Mystery Science Theater 3000: The Wild World of Bat Woman DVD cover art Mystery Science Theater: The Wild World of Bat Woman
Show, Episode, Film & DVD Details

Original Airdate: November 13, 1993 / Episode Running Time: 91 Minutes / Rating: Not Rated

Creator: Joel Hodgson / Producer/Director: Jim Mallon

Writers: Michael J. Nelson (head writer), Trace Beaulieu, Paul Chaplin, Frank Conniff, Kevin Murphy, Mary Jo Pehl, David Sussman, Bridget Jones, Jim Mallon, Colleen Henjum-Williams

Cast: Trace Beaulieu (Crow T. Robot, Dr.
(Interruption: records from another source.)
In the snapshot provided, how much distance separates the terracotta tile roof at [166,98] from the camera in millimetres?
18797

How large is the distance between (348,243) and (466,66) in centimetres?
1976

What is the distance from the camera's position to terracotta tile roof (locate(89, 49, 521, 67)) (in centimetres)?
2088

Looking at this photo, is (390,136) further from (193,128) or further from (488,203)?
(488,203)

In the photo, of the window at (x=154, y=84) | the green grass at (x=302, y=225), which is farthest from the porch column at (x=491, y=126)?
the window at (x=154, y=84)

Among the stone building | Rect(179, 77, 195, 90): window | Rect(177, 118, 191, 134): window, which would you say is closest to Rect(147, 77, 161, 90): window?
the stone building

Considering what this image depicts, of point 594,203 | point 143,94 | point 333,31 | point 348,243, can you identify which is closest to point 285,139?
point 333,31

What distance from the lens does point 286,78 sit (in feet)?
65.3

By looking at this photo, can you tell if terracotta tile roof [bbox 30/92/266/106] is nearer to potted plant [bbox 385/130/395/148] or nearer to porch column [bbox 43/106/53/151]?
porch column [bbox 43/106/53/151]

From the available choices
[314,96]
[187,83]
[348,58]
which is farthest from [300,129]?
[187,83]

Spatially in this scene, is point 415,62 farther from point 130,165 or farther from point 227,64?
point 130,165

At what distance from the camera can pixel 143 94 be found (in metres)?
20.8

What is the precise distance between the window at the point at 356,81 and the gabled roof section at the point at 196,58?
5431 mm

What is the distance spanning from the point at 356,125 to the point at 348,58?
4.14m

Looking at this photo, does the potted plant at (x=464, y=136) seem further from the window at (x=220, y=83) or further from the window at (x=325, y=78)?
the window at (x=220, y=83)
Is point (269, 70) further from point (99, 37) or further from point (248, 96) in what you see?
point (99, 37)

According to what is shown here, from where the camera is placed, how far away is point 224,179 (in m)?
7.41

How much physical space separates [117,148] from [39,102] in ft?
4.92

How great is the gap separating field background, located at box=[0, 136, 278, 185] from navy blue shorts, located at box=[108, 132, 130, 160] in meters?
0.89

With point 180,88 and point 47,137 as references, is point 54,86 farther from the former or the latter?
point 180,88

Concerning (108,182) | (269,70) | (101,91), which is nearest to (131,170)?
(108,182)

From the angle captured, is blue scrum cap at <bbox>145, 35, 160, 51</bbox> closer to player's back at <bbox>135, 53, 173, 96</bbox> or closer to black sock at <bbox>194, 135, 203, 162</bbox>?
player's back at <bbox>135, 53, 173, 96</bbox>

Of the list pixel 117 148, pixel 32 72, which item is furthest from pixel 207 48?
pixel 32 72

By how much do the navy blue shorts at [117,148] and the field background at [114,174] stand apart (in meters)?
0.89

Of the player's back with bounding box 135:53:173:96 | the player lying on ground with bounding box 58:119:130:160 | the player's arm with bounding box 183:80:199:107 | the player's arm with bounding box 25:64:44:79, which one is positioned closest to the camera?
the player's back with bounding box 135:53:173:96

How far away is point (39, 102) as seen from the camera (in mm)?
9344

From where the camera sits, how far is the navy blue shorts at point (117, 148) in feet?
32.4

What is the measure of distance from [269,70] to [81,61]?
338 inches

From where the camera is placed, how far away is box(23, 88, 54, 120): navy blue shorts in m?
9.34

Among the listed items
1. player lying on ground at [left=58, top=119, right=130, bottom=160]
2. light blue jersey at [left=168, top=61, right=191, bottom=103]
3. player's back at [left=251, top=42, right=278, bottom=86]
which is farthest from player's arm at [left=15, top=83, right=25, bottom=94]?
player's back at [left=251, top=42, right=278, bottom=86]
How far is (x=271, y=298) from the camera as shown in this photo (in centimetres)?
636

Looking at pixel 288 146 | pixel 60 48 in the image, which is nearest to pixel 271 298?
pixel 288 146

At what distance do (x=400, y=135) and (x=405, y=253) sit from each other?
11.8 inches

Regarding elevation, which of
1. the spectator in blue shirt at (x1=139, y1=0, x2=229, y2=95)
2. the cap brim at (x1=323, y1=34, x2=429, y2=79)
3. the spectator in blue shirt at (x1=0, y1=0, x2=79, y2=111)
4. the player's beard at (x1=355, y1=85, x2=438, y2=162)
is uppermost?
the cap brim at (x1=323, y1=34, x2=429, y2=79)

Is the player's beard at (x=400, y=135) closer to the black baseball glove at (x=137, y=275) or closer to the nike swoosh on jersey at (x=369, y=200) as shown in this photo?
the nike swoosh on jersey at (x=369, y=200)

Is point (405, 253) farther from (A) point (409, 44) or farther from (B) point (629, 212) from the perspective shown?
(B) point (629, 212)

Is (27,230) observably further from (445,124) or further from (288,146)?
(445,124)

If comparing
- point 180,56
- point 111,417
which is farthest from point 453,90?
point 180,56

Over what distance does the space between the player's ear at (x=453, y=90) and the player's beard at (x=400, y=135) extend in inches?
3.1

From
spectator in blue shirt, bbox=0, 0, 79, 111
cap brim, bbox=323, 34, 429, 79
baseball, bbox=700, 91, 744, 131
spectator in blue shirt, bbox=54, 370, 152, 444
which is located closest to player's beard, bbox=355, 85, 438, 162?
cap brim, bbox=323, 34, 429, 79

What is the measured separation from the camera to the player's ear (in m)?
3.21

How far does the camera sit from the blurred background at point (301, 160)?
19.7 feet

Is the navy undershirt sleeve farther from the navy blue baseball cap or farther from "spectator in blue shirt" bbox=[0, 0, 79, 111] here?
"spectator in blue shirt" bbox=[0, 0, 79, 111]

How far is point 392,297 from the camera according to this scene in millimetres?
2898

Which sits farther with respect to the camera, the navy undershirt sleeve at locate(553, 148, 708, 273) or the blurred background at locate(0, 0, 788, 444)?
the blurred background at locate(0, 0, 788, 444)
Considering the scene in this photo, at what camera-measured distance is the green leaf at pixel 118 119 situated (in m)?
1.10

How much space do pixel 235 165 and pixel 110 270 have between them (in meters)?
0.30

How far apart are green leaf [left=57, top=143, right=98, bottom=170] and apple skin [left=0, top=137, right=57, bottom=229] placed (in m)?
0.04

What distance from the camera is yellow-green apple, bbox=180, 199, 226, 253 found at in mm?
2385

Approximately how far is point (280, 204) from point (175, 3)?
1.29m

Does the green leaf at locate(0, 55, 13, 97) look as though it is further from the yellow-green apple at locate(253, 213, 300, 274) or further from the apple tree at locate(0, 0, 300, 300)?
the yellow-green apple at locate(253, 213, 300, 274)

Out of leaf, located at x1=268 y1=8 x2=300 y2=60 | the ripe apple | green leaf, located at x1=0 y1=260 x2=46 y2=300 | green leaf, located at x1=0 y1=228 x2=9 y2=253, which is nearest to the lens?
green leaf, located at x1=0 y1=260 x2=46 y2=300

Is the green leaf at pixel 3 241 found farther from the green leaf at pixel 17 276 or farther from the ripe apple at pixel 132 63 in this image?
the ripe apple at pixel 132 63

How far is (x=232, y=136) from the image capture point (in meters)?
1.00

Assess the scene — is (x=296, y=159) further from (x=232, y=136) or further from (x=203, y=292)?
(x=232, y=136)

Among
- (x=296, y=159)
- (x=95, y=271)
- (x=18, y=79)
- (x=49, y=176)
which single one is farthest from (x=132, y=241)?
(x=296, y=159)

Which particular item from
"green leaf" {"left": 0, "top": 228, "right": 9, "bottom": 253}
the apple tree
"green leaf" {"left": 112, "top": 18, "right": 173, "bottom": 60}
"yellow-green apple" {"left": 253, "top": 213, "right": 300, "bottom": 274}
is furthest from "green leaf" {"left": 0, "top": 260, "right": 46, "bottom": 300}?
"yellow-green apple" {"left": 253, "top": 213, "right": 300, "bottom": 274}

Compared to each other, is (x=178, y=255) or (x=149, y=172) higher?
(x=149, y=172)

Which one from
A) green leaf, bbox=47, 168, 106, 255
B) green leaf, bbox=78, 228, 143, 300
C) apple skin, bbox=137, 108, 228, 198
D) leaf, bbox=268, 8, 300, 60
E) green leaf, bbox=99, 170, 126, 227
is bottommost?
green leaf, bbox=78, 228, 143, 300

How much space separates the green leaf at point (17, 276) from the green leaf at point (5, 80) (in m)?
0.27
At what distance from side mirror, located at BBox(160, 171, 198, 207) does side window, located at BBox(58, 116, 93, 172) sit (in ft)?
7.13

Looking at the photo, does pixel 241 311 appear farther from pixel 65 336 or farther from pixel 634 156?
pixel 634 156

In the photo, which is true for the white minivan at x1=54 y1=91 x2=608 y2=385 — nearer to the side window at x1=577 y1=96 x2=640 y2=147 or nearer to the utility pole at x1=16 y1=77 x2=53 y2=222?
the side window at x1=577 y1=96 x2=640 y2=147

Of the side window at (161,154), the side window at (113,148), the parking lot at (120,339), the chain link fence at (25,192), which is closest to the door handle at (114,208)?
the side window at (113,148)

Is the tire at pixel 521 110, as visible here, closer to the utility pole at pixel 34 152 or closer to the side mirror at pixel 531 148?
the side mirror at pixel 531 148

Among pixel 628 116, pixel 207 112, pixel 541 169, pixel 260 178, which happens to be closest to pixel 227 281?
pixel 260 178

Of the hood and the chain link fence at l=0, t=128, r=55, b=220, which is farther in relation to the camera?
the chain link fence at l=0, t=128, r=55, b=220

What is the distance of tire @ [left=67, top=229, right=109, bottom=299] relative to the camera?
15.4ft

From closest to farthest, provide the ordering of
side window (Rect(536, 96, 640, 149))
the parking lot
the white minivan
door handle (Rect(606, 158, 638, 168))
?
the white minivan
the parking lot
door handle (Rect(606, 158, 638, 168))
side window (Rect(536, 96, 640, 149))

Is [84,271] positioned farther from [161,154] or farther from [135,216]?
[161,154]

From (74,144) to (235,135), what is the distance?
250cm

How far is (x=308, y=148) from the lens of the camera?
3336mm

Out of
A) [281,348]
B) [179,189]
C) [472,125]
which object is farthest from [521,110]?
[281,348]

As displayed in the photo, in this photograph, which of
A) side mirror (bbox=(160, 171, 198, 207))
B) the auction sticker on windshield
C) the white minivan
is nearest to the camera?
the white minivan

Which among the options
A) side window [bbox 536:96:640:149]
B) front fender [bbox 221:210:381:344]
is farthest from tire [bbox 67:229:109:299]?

Clayton Forrester), Michael J. Nelson (Mike Nelson), Jim Mallon (Gypsy), Kevin Murphy (Tom Servo), Frank Conniff (TV's Frank)

The Wild Wild World of Batwoman

Theatrical Release: 1966 / Rating: Not Rated

Writer/Director/Producer: Jerry Warren

Cast: Katherine Victor (Batwoman), George Andre (Professor G. Octavius Neon), Steve Brodie (Jim Flanagan), Richard Banks (J.B. Christians/Rat Fink), Steve Conte (Bruno), Mel Oshins (Tiger), Bruno Vesota (Seltzer), Bob Arbogast (voice of Séance Spirits), The Young Giants (Themselves), Lucki Winn (Bat Girl), Suzanne Lodge (Bat Girl), Pam Garry (Bat Girl), Sylvia Holiday (Bat Girl), Francis Bryan (Bat Girl), Leah London (Bat Girl), Lloyd Nelson (Heathcliff)
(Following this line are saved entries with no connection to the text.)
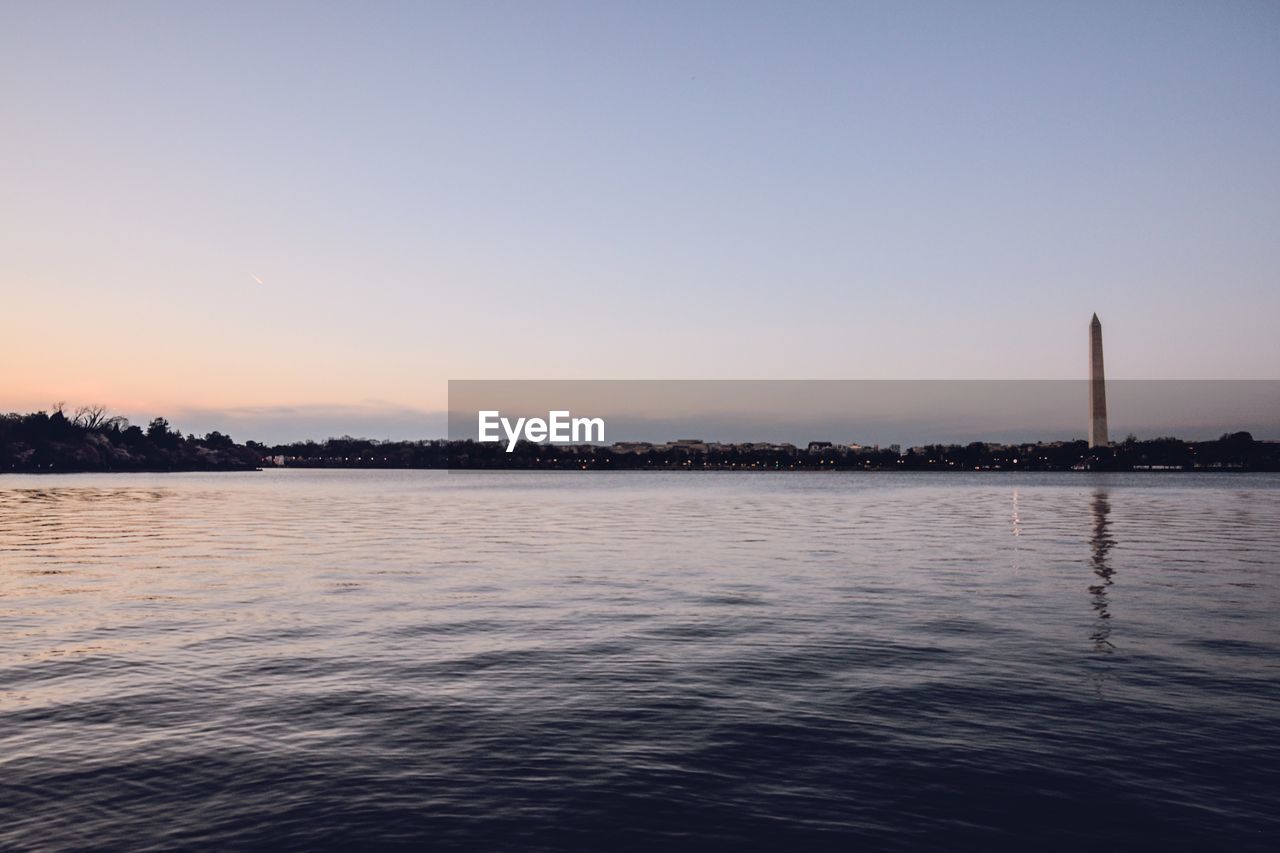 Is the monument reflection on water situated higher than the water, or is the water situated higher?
the water

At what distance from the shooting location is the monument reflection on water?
2203 centimetres

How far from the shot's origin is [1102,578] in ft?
111

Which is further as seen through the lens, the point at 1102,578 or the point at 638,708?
the point at 1102,578

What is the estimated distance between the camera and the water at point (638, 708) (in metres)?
10.6

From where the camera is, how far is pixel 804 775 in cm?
1203

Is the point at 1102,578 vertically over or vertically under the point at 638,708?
under

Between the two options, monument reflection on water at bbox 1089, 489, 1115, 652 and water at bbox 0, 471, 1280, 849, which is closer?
water at bbox 0, 471, 1280, 849

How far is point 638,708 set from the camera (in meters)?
15.3

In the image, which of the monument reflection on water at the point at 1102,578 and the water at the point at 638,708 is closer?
the water at the point at 638,708

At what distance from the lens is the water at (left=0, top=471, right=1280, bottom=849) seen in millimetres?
10578

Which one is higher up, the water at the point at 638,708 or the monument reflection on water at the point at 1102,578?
the water at the point at 638,708

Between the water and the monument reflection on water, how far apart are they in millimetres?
230

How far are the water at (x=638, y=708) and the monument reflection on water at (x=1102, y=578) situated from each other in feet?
0.75

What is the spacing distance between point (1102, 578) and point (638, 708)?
1029 inches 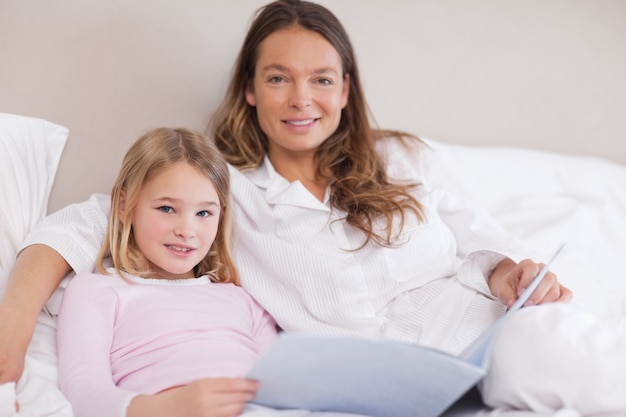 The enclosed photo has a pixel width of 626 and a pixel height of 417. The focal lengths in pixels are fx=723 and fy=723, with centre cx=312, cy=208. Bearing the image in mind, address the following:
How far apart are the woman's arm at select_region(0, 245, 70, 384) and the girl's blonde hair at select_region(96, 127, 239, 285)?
8 centimetres

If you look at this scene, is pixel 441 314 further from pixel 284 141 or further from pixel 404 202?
pixel 284 141

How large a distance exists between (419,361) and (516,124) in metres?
1.26

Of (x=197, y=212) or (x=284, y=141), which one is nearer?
(x=197, y=212)

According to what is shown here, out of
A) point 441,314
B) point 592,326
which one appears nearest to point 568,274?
point 441,314

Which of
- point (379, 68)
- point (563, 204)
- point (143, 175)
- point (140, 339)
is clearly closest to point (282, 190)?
point (143, 175)

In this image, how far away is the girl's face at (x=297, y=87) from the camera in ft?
4.76

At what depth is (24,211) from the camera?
1.34 m

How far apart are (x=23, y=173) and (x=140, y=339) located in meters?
0.45

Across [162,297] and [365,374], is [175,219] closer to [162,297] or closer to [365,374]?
[162,297]

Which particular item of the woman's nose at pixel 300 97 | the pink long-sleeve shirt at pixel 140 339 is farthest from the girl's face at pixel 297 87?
the pink long-sleeve shirt at pixel 140 339

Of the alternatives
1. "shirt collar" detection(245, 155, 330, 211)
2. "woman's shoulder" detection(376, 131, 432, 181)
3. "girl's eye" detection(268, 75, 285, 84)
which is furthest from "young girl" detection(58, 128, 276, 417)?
"woman's shoulder" detection(376, 131, 432, 181)

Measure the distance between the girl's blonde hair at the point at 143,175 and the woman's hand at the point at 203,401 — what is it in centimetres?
32

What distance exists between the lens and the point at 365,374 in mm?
944

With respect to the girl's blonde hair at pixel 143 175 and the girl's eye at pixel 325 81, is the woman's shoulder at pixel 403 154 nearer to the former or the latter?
the girl's eye at pixel 325 81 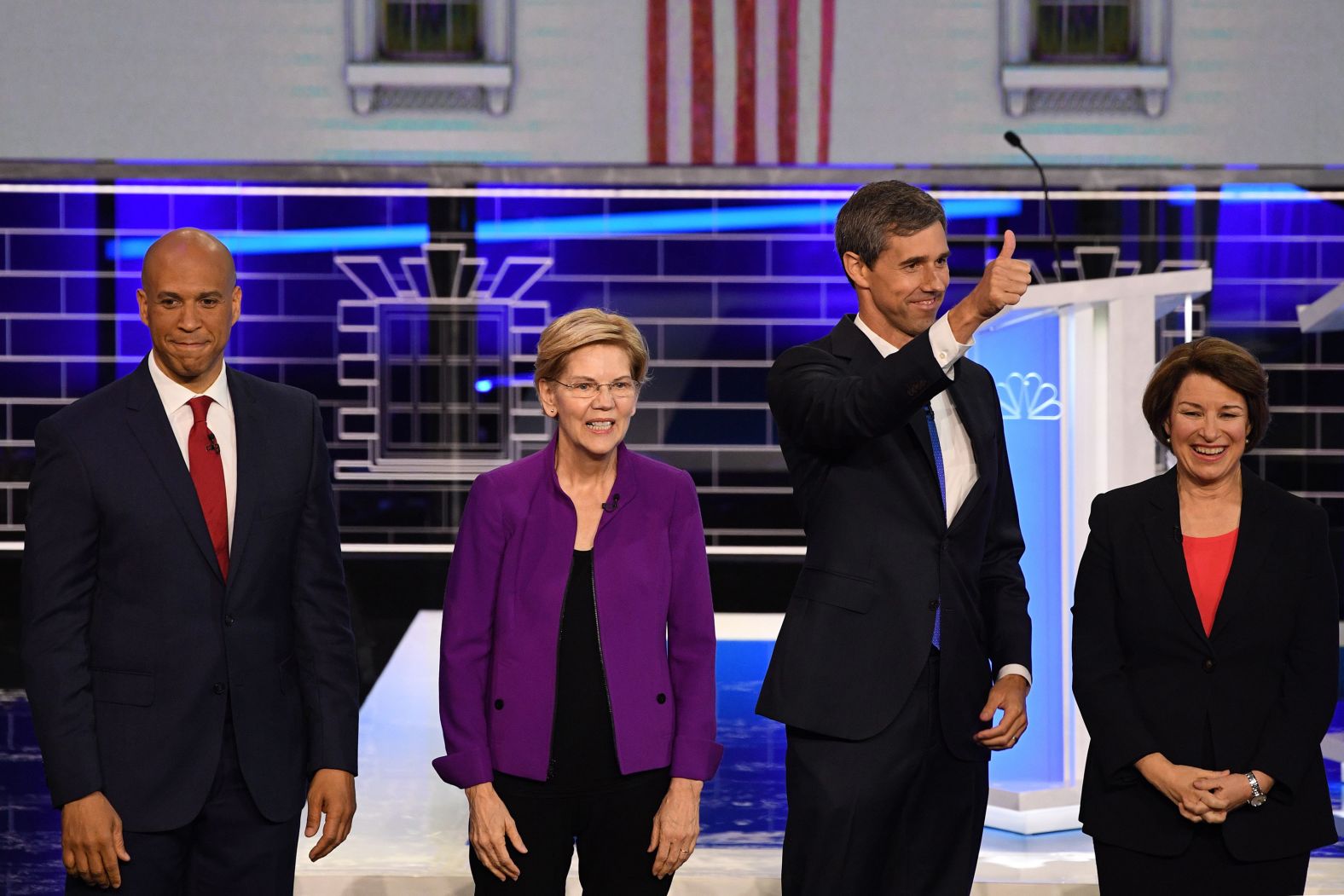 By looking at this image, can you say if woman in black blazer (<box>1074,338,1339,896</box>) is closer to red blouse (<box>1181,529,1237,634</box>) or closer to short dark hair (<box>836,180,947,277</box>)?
red blouse (<box>1181,529,1237,634</box>)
1.33:1 Fullscreen (Original Broadcast Ratio) / Dolby Stereo 2.0 (English) / Subtitles: None; Not Closed Captioned
Price: $14.99 / DVD Release Date: March 20, 2012
Single-sided, single-layered disc (DVD-5) / Clear Keepcase
Also available on Amazon Instant Video; Previously released on DVD (discontinued)
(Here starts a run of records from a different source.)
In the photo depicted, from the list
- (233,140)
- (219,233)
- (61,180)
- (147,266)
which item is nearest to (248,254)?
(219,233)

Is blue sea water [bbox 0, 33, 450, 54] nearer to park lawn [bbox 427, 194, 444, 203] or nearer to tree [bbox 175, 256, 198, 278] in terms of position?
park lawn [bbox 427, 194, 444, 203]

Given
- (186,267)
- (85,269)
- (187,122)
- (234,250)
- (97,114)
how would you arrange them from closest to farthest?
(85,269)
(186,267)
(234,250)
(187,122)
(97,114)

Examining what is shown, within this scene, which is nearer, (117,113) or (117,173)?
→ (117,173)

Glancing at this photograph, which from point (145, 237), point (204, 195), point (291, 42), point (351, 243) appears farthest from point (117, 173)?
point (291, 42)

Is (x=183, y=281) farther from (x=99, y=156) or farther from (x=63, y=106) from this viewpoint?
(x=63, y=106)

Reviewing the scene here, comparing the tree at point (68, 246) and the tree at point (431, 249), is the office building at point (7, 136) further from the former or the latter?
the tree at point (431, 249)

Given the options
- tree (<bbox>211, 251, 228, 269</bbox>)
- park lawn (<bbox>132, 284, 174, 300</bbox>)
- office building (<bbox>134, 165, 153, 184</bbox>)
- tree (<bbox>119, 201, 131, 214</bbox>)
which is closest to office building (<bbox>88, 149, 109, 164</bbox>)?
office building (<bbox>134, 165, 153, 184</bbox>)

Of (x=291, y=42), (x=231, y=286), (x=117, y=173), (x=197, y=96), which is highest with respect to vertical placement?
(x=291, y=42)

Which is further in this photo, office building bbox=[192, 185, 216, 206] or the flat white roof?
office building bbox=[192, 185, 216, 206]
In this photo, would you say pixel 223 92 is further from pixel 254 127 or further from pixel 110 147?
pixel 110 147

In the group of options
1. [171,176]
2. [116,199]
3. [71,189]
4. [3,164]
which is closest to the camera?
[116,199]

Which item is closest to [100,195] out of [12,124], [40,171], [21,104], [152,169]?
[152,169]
"Mystery Science Theater 3000" certainly didn't end due to a lack of targets worth skewering. The 1950s B-movie may seem like the most obvious subject for the show's human captive and robot friends to riff upon, but the Satellite of Love gang made fun of everything they could find;
the cheaper and more obscure, the better. Every period and genre of film has had their clunkers and there is plenty of fun to be had in both discovering and ridiculing nominal works.

In Season 5, just four episodes into head writer Michael J. Nelson's run as human protagonist Mike Nelson, "MST3K" turned its attentions to The Wild World of Batwoman, a black & white sci-fi movie from the 1960s. Unrelated to Kathy Kane, Batman's love interest introduced in DC's 1950s comics, this Batwoman nonetheless was not the product of coincidence but opportunism.

1966 had given new life to the nearly 30-year-old Gotham City superhero with the debut of an ABC television series and the release of a theatrical film from the same production. Jerry Warren, the writer, producer, and director of such films as Teenage Zombies, Face of the Screaming Werewolf, and Attack of the Mayan Mummy, thought he could exploit the nation's Batfever with his own low-budget superhero film. Due to the obvious title similarities, Warren's company was sued for copyright infringement, but won.

In the longest shot of the film, Batwoman (Katherine Victor) conducts a séance that inexplicably keeps breaking down into an offensively fake approximation of the Chinese language. True love conquers all for this bad guy and his bound Bat Girl.

Today, with Batman one of the biggest draws at the box office for over twenty years, it seems almost amusing for the caped crusader's copyright holders to acknowledge this dumb little film and view it as a threat to their property. But this was long before Tim Burton and Christopher Nolan lent art and high production values to the character; Warren's movie wasn't all that far from the makings and design of the decidedly camp 1960s Batman of TV and film.

The Wild World of Batwoman seems like it should fall into the "so bad it's good" class, but a distinct lack of coherency causes it to swing back around to just plain bad. Repeat Warren star Katherine Victor holds the title role, playing a masked heroine with no super powers and seemingly no batlike attributes. Batwoman does however sport a costume with a low-cut top, which shows off both her busty figure and a bat tattoo on her chest (which Victor herself designed and applied with a cardboard cutout and black eyeliner).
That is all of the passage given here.